James Hardie's legacy of asbestos cement remains in houses and buildings around the country.

The material is coming to the end of its useful life and is likely to be shedding fibres.

But removing asbestos has its own hazards.

What is needed, according to the ASEA, is education and incentives to clean up legacy asbestos safely.

Meanwhile, families suffering from asbestos diseases today worry about the families of the future.

"What about all these young people today, pulling these houses to pieces and not realising that something's happened to them, but in 10, 15 or 20 years' time when they have a young family, and suddenly they think, 'Where did I get this from?'" Ms Talfera asked.
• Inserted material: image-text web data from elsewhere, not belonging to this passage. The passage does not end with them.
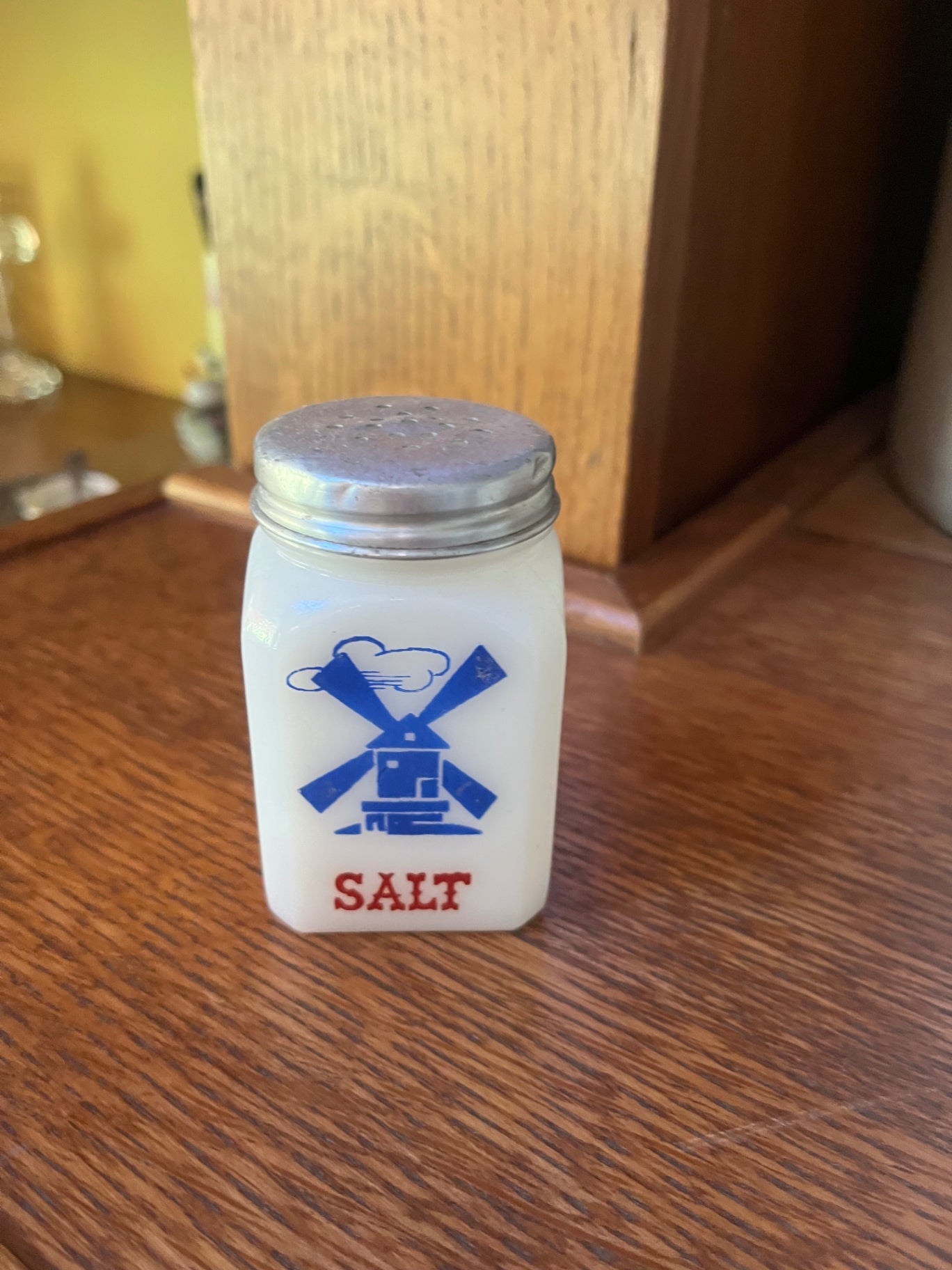 Vintage Milk Glass Salt Shaker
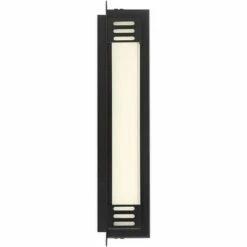 Possini Euro Design Modern Outdoor Wall Sconce Fixture LED Bronze 16" White Frosted Glass for Exterior House Porch Patio Deck -Outdoor Lighting Sales Shop unnamed file 4112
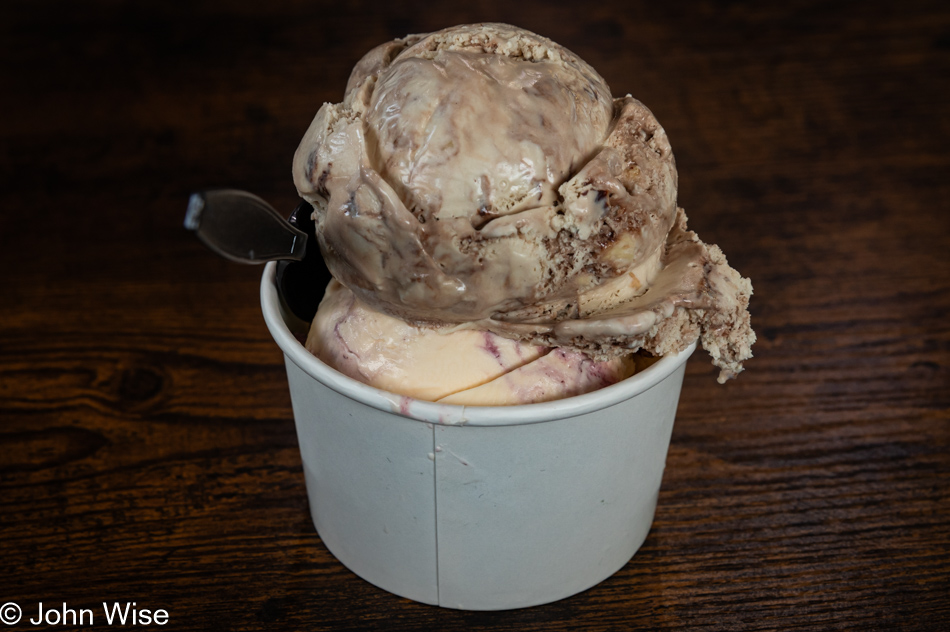 Ice cream in Newport, Oregon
"There was nothing labelled on it to say this is an asbestos product, so how would you know?" Mr Velican said.

"It's just boards and materials that are in the house and you're trying to fix it. It was an old house and they were trying to fix it up and make it a bit more liveable for us."

Banton's widow Karen Banton said education is the key.

"Let's get a program into our high schools, across public and private schools, to educate children, not in a scary way, but so they know when they buy that first home and they go to do renovations, that they know exactly what they're likely to be dealing with if they bought a home that was built last century," she told 7.30.

And so the fight goes on.

"It's never over," Mr Combet said.

"It's so important that the victims are well represented and cases are fought very hard on their behalf to get access to compensation."

The Asbestos Fund was contacted but declined to comment.